Et dire, que le mal des Spectacles réside dans la réunion de tant de gens assemblés pour un objet agréable, n’est qu’un raisonnement spécieux.

A l’égard de l’Opéra, qui paroît être-plus difficile à justifier, c’est encore l’affaire {p. 428}des Censeurs de le rendre plus digne du titre honorable qu’il porte d’Académie Royale de Musique. On dira seulement, au sujet de la Morale qui y est répandue, que l’on ne croit pas qu’il y ait au monde une personne assez simple, ou environnée de gens assez simples, pour prendre des Chansons pour des vérités, que quand Quinault a dit :

Est-on sage
Dans le bel âge,
Est-on sage
De n’aimer pas ?

Et beaucoup d’autres choses semblables ; il n’a dit que ce qui est sans cesse exprimé dans les Chansons que l’on chante par tout l’Univers, & que, sur cet article, il ne faut pas tout-à-fait écouter Despréaux, qui étoit piquant & envieux.
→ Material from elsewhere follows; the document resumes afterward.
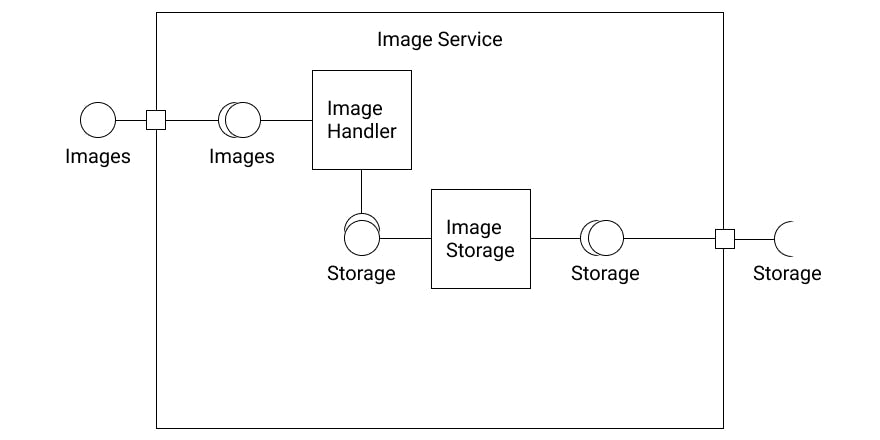 A pretty simplified component overview of an image service which has two sub components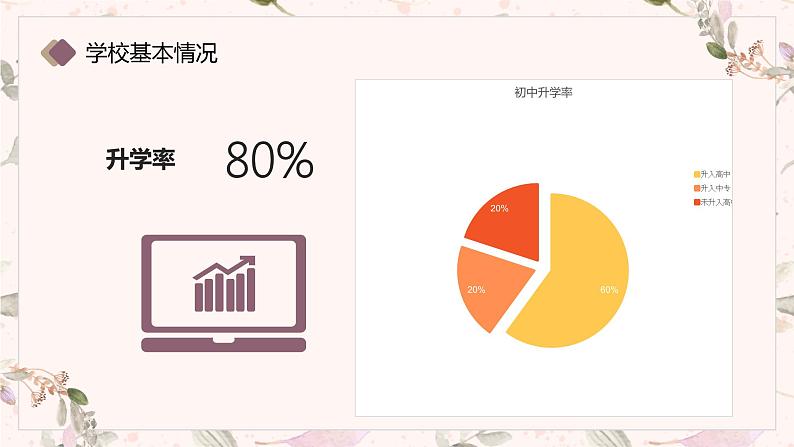 七年级一班家长会课件PPT第7页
Il y a encore une autre espece de Piéces, dont, à la vérité, le plus grand mérite semble être la Satyre & les Equivoques ; mais, comme elles ne paroissent pas ordinairement sur des Théâtres reglés, tout ce que l’on peut dire est que, quand elles existent, les Censeurs doivent redoubler leur attention pour les corriger.

Suivant le plan que l’on s’est ici tracé, {p. 429}toute la réforme de la Comédie se réduit à deux choses :

1°. Du côté de la Politique, à se rendre, de plus-en-plus, sévère sur le choix des Sujets.

2°. Du côté de la Conscience, à maintenir, avec force, les Réglemens déjà établis, lesquels consistent :

A ne point permettre de Piéces tirées des Ecritures Saintes, ainsi que plusieurs Magistrats s’en sont déjà déclarés.

A mettre ordre à la conduite des Acteurs & Actrices qui éclateroit trop, comme on en a vu plusieurs exemples.

A recommander enfin aux Censeurs de redoubler leur exactitude, pour ne souffrir, dans les Piéces, ni impiété, ni satyre personnelle, ni obscénité.

On se flatte d’avoir exposé un si grand nombre de raisons, que l’on espere qu’elles produiront des effets utiles ; & une remarque digne d’attention, c’est que les Personnes les plus pieuses & les plus éclairées, s’écartent de leur objet, sans y penser ; car un moyen certain de rendre les Acteurs, les Auteurs & les Spectateurs plus sages, est de lever l’Excommunication prononcée contre les Comédiens.